Students and teachers across the country have been required to profess their "inherent racism" as K-12 schools embrace critical race theory. Third-graders in Cupertino, California, were asked to rank their own traits within a hierarchy of identity, City Journal reported. One Minnesota high school pressed white teachers and faculty to check their "own privilege" and "whiteness."
Grothman's bill, a copy of which was obtained by the Washington Free Beacon, would protect students and teachers in D.C. schools from being compelled to "adopt, affirm, adhere to, or profess ideas that promote race or sex stereotyping or scapegoating." The bill notes that race-based stereotyping includes the assertion that inherent characteristics like sex and race make individuals "oppressive" or "racist."
"My heart goes out to any children who have the misfortune of attending the District of Columbia schools," Grothman told the Free Beacon. "Objective statistics show the District of Columbia having the second highest spending per student in the country, while having either the lowest or second lowest reading and math scores in the country. So while the kids can't read and kids can't add, they'll sure be able to spout Marxist, America-hating rhetoric."
Grothman is the latest Republican to oppose critical race theory. Texas governor Greg Abbott on Wednesday signed legislation to ban critical race theory—the notion that racism is ingrained in American institutions—in his state's public schools.
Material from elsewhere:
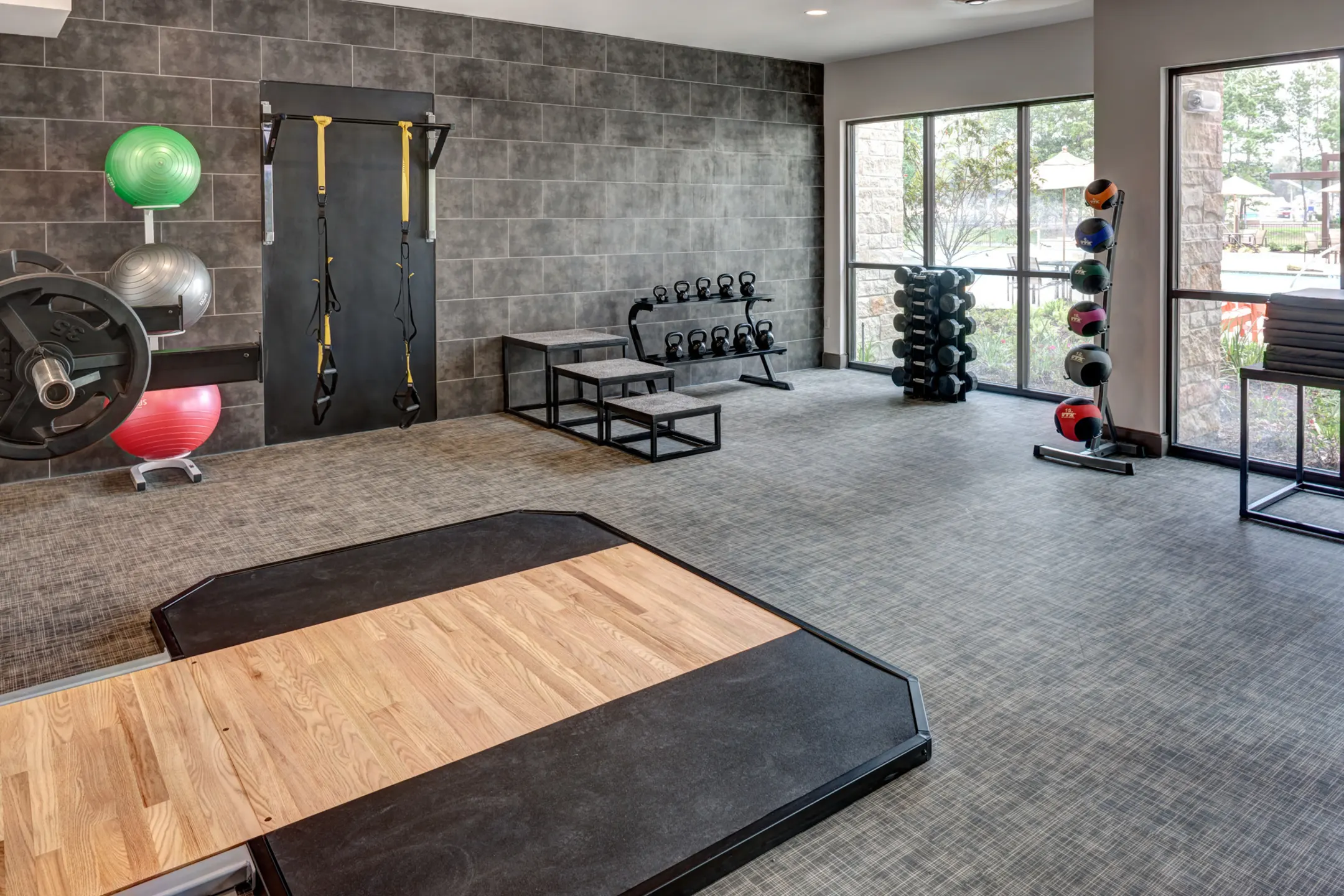 Fitness Weight Room - Olympus Auburn Lakes - Spring, TX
Florida governor Ron DeSantis signed similar legislation last week, as have the governors of Arkansas, Oklahoma, and Idaho.
Jonathan Butcher, an education fellow at the Heritage Foundation, said Grothman's bill reveals the "prejudice inherent" in critical race theory, in addition to protecting teachers' and students' free speech.
"Ideas that reject compelled speech correctly shed light on the prejudice inherent in school lesson plans based on critical race theory," Butcher told the Free Beacon. "There are any number of examples, from affinity groups that separate students according to race for different school activities to professional development for teachers that tell educators they are biased whether they know it or not, to represent how critical race theory in schools leads to discrimination."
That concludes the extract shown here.